• To do:
Please write out exactly the lines of the data below from the line holding "Product image for" through the line holding "Harry Potter And", and leave out the rest.

• Extracted information:
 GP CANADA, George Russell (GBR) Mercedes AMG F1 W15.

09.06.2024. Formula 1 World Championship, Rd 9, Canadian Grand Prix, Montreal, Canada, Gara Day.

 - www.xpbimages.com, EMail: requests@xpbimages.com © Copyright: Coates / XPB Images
...
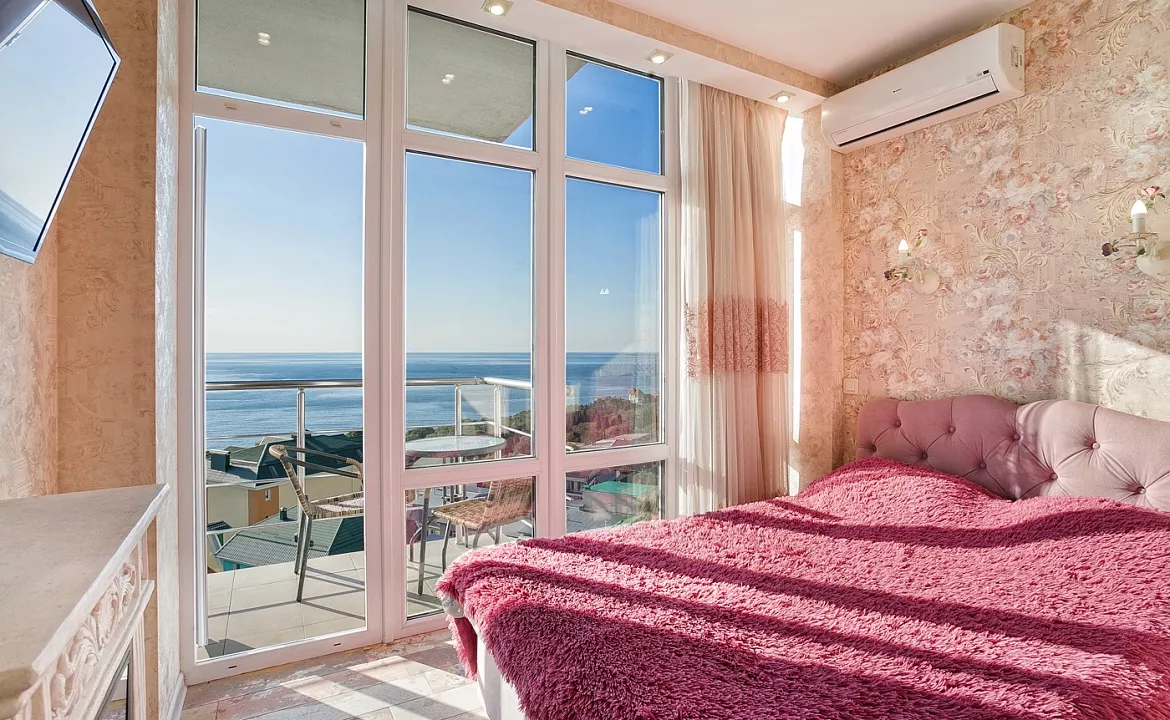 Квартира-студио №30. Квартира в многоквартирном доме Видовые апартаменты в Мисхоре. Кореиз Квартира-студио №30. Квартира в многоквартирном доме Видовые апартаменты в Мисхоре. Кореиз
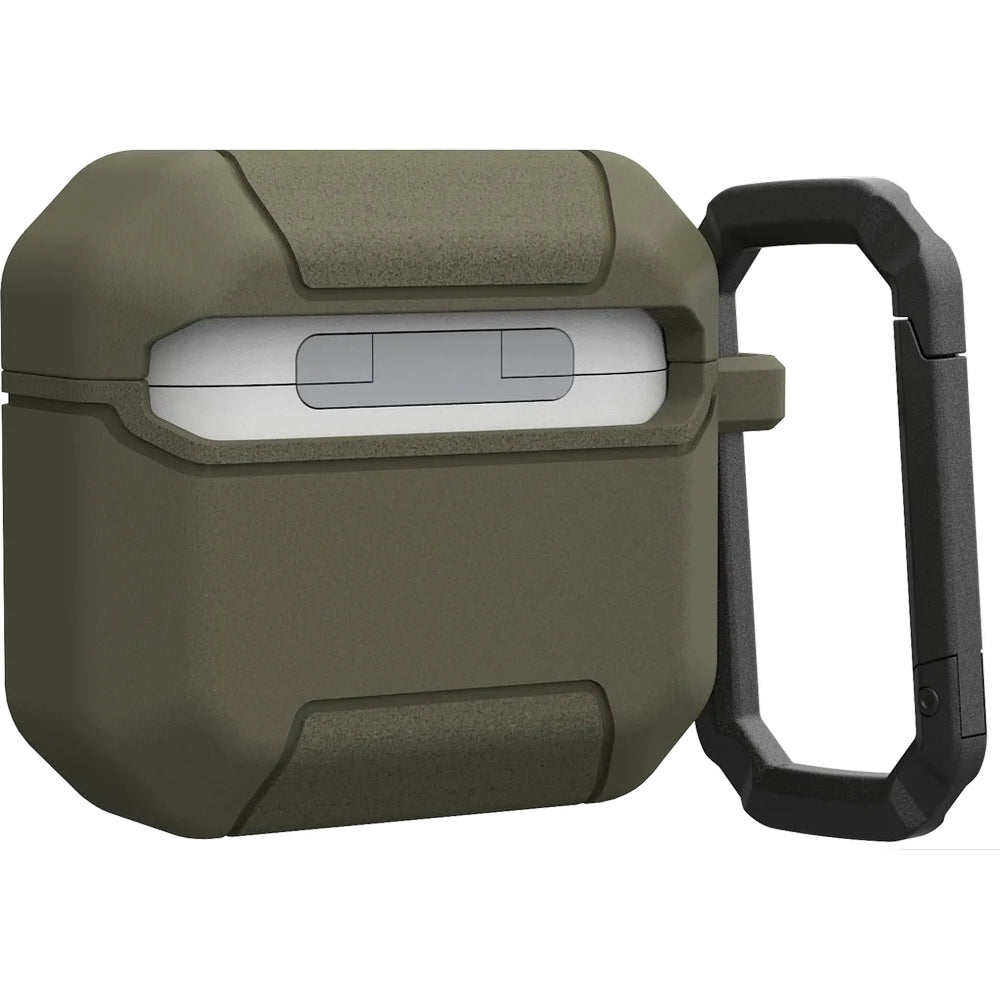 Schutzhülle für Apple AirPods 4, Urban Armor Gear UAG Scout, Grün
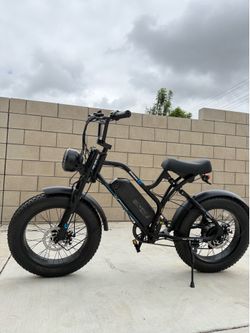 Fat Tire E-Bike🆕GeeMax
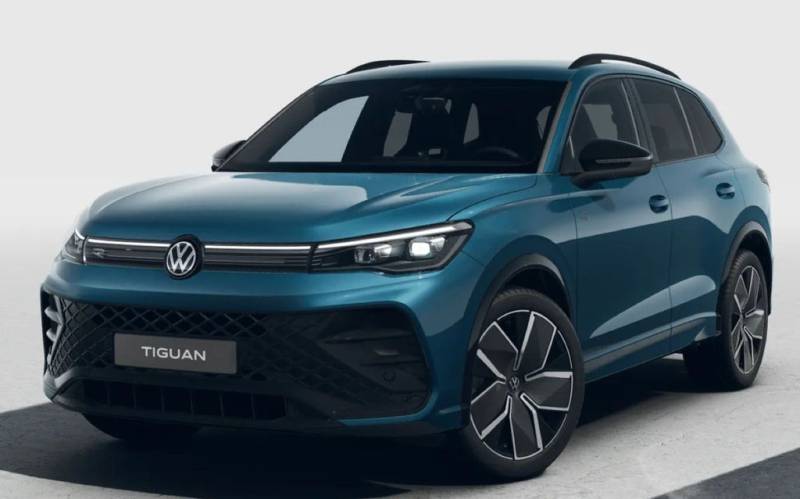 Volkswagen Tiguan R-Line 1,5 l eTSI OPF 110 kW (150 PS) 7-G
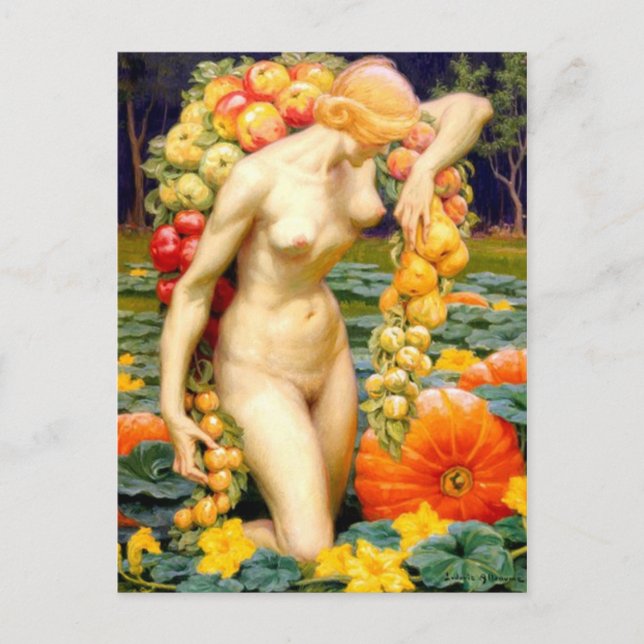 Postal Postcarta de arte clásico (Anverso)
==
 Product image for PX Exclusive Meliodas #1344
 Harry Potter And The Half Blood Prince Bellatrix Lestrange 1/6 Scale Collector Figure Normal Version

• Task output:
 Product image for PX Exclusive Meliodas #1344
 Harry Potter And The Half Blood Prince Bellatrix Lestrange 1/6 Scale Collector Figure Normal Version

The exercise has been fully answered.